Increasing sea surface temperatures (SST) and blooms of lipid‐poor, filamentous cyanobacteria can change mesozooplankton metabolism and foraging strategies in marine systems. Lipid shortage and imbalanced diet may challenge the build‐up of energy pools of lipids and proteins, and access to essential fatty acids (FAs) and amino acids (AAs) by copepods. The impact of cyanobacterial blooms on individual energy pools was assessed for key species temperate Temora longicornis and boreal Pseudo‐/Paracalanus spp. that dominated field mesozooplankton communities isolated by seasonal stratification in the central Baltic Sea during the hot and the cold summer. We looked at (a) total lipid and protein levels, (b) FA trophic markers and AA composition, and (c) compound‐specific stable carbon isotopes (δ13C) in bulk mesozooplankton and in a subset of parameters in particulate organic matter. Despite lipid‐poor cyanobacterial blooms, the key species were largely able to cover both energy pools, yet a tendency of lipid reduction was observed in surface animals.

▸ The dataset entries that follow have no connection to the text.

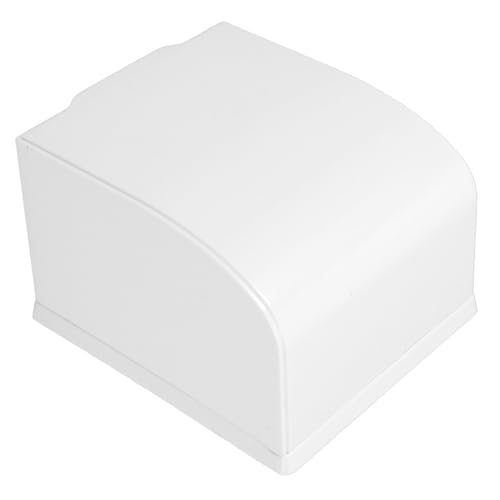 Operitacx Protector Enchufe Plástico Resistente al Agua con Tapa para Enchufes de Pared Uso Interior y Exterior Seguridad Eléctrica para Bebés y Adultos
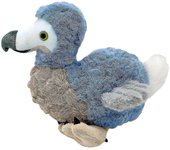 Jtgg "Wild Republic - Cuddlekins - Dodo - 7""" Como se muestra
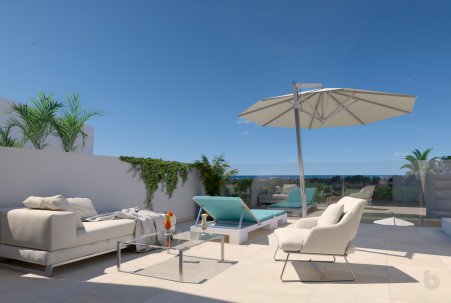 Obra Nueva - Apartamento - Pinar de Campoverde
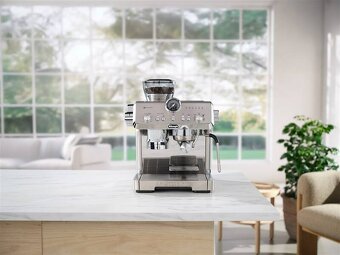 Espresso De'Longhi La Specialista OPERA EC9555.M nerez - 7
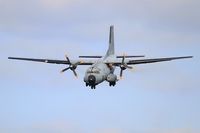 R211 @ LFFQ - Transall C-160R, On display, La Ferté-Alais airfield (LFFQ) Air show 2016 - by Yves-Q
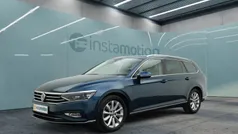Blau Gebraucht 2020 VW Passat Elegance Kombi | 25.600 € (Fairer Preis)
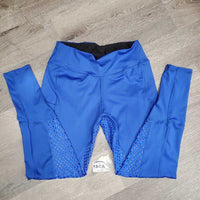 Sticky Full Seat Riding Tight Breeches, Thigh Pockets, tags *new

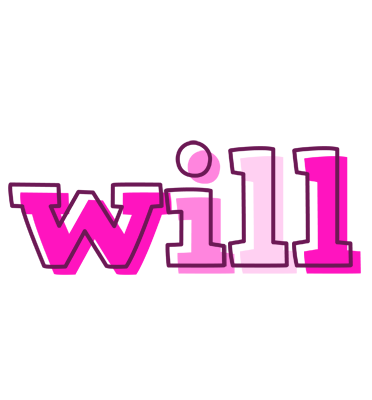 Will hello logo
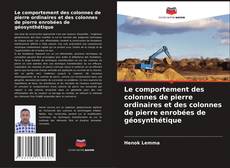 Le comportement des colonnes de pierre ordinaires et des colonnes de pierre enrobées de géosynthétique的封面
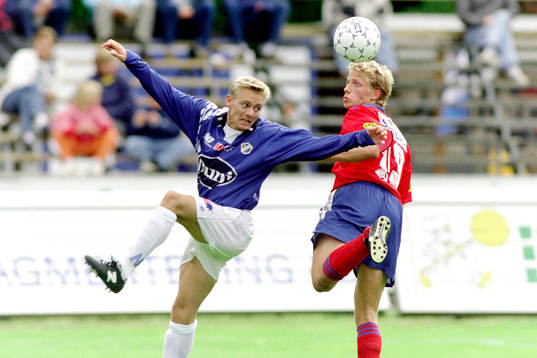Anders Smith, Halmstad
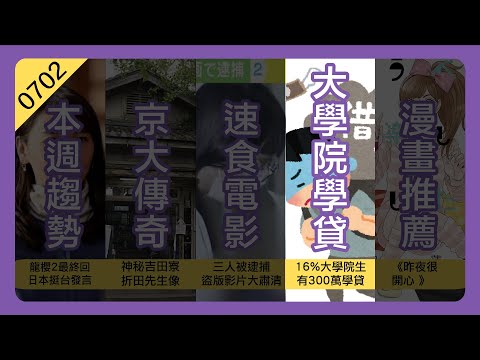 Ep22 你知道嗎 在日本有16 大學院生 平均學貸背了300萬日圓 Youtube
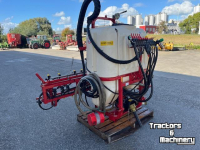Anbaufeldspritze Agromet Agromet professional 600/12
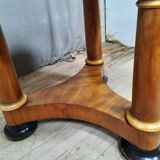 Empire pedestal table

Omni‐ and carnivory feeding modes, FA trophic makers, and δ13C patterns in essential compounds emphasized that cyanobacterial FAs and AAs have been incorporated into mesozooplankton mainly via feeding on mixo‐ and heterotrophic (dino‐) flagellates and detrital complexes during summer. Foraging for essential highly unsaturated FAs from (dino‐) flagellates may have caused night migration of Pseudo‐/Paracalanus spp. from the deep subhalocline waters into the upper waters. Only in the hot summer (SST>19.0°C) was T. longicornis submerged in the colder subthermocline water (~4°C). Thus, the continuous warming trend and simultaneous feeding can eventually lead to competition on the preferred diet by key copepod species below the thermocline in stratified systems. A comparison of δ13C patterns of essential AAs in surface mesozooplankton across sub‐basins of low and high cyanobacterial biomasses revealed the potential of δ13C‐AA isoscapes for studies of commercial fish feeding trails across the Baltic Sea food webs.